For the past few weeks, Canadians ordering from McDonald's have had a new choice on the menu: an Angus burger certified to meet environmental, social and animal welfare criteria set by the Canadian Roundtable for Sustainable Beef.

The organisation, which brings together industry and environmentalists, drew up two sets of standards – one for farmers and one for processors. For example, farmers must adhere to a list of good environmental practices in terms of water protection, soil health and greenhouse gas emissions. Independent audits then verify their compliance. So far, not much difference with Irish quality assurance schemes.

When our producers are audited, it's not a pass or a fail

The first innovation lies in the outcomes of inspections.

"When our producers are audited, it's not a pass or a fail," said Deborah Wilson of Beef Information Exchange, the traceability company implementing the scheme. Instead, evalluation focuses on continuous improvement through a range of possible results – from the basic "achievement" required to enter the scheme to the top-rate "excellence". "Every year you have to make things better," said Wilson.
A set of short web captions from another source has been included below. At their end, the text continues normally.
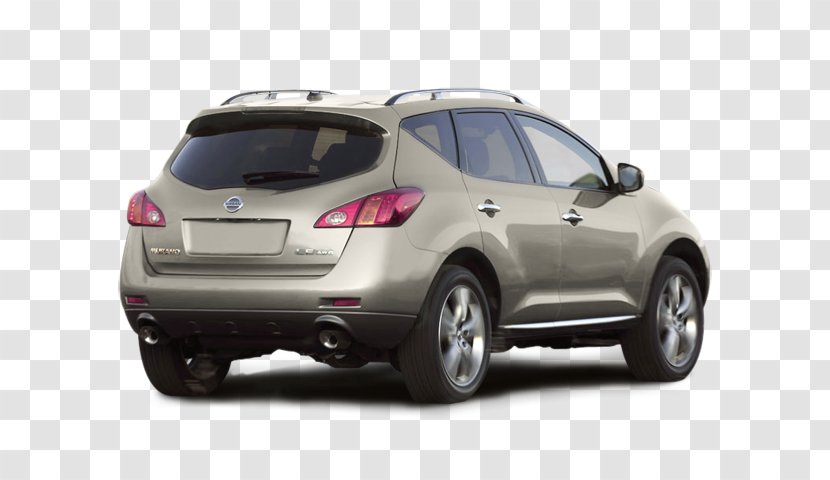 2009 Nissan Murano Sport Utility Vehicle Mid-size Car Transparent PNG
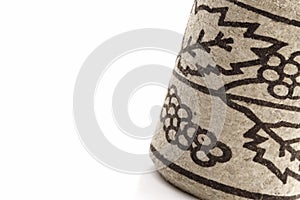 Cork on right - Closeup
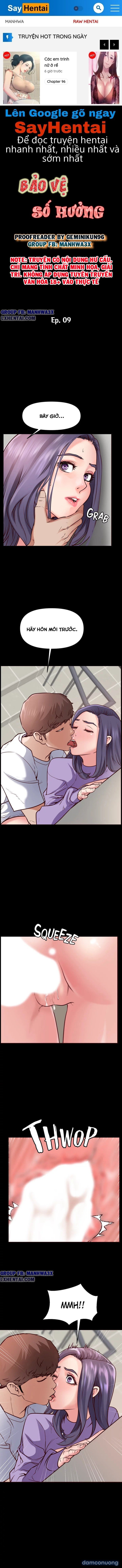 Bảo vệ số hưởng 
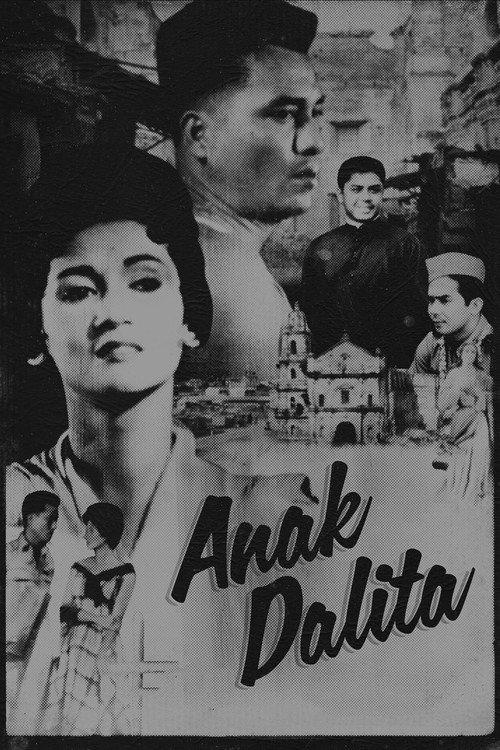 Child of Sorrow 1956 official movie poster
More importantly, farmers receive a direct financial reward for their participation. Retailers such as McDonald's buy credits for the right to use the branding and the marketing claims associated with the certification. Cargill, the processor and wholesaler participating in the project, sells the credits as it sells the meat.

Every quarter, the project shares the money collected from credits between the number of certified carcases. It then makes an equal payment per head to each farmer who raised any of the certified animals at any point during its life. Traceability is ensured through EID tagging, with one caveat: if an animal moves to a non-certified farm or factory during its life, the certified farmers who raised it before or after that point lose the benefit of the credit for this animal.

"It's a little bit of luck," said farmer Kristine Tapley, who took part in designing the project and has become certified, but has not yet had cattle benefit from the payment.

"Some strides that we need to take now is how do we communicate between those operations, so that we can get a pathway through the system where we have less animals falling out."

Wilson said that the project returned payments of €6.64/head in its first quarter, €13.36/head in its second quarter and €12.30/head in its third quarter. It is now on course to certify 3.5m pounds of beef in its fourth quarter.

"Even the $10/head (€6.64/head) payment would be awesome," said Tapley.

The entire process is controlled and funded by private sector participants.